Interestingly, a high incidence of cirrhosis at diagnosis in children with AIH has been reported in several cases [26]. Also, of those who had not proceeded to cirrhosis, Ngu et al. [27] discovered that the majority had already experienced significant fibrosis. The fact that these young individuals were less likely to completely normalize their alanine transaminase (ALT) at six months or were more resistant to treatment as compared to patients who developed AIH in adulthood is even more concerning. These findings imply that the aggressive behavior of children and adolescents with AIH may necessitate a more aggressive management approach.
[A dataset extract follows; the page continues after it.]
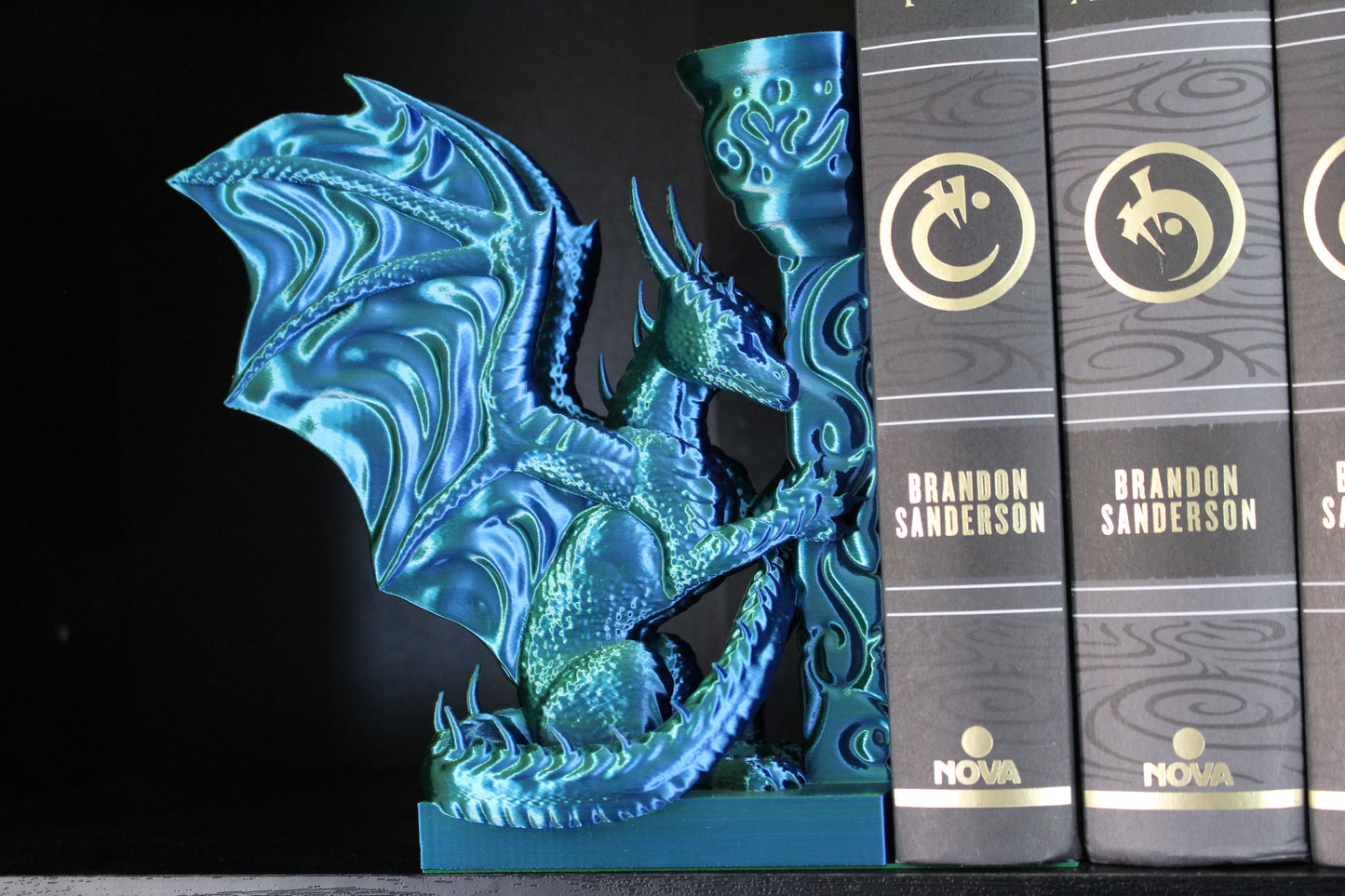 Sujetalibros dragón 3D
In our study, those with a mild fibrosis stage had considerably higher blood ferritin levels than those with severe and moderate stages, while the level of fibrosis had no significant relationship with vitamin D. In a similar vein, Chen et al. [21] discovered that in patients with treatment-naive autoimmune hepatitis, higher serum ferritin levels were independently linked with progressive liver fibrosis. AIH is a chronic, inflammatory liver disease that is immune-mediated and progresses over time. Liver fibrosis is a frequent complication of the development of AIH, and Mieli-Vergani and Vergani [28] reported that many patients have advanced liver fibrosis upon presentation. Additionally, Taubert et al. [9] found that serum ferritin levels and serum iron concentrations were elevated in 65% and 58% of individuals with untreated AIH, respectively. According to Shan et al. [29], serum ferritin levels matched serum aminotransferase levels in patients with chronic hepatitis C and AIH. Our research was comparable to that of Ebadi et al. [11], who found that 20% of white Canadian patients with AIH had severe vitamin D deficiency at the time of diagnosis, and that this condition was linked to the development of cirrhosis, a higher risk of dying from liver-related causes, and the requirement for liver transplantation. Indeed, the presence of complete or incomplete cirrhosis is the most frequent finding at diagnosis, occurring in 59% to 100% of pediatric patients [30] with extensive fibrosis, distortion of the hepatic lobule, and the appearance of regenerative nodules.
Limitation of the study
Larger sample sizes in subsequent research are required to support our findings.
Conclusions
This study showed a relation between serum vitamin D status before starting the specific treatment, the severity of AIH and response to therapy and suggested a relation of vitamin D status with response to therapy. This opens a new area of research on the potential use of vitamin D in children with AIH. Also, hyperferritinemia at diagnosis can predict the treatment response upon standard therapy. Additionally, the prognosis of AIH in children can be predicted at the level of serum ferritin of 2325 ng/ml (with sensitivity of 96.3% and specificity of 71.0%) and at level of serum vitamin D of 33.5 ng/ml (with sensitivity of 98.6% and specificity of 69.0%).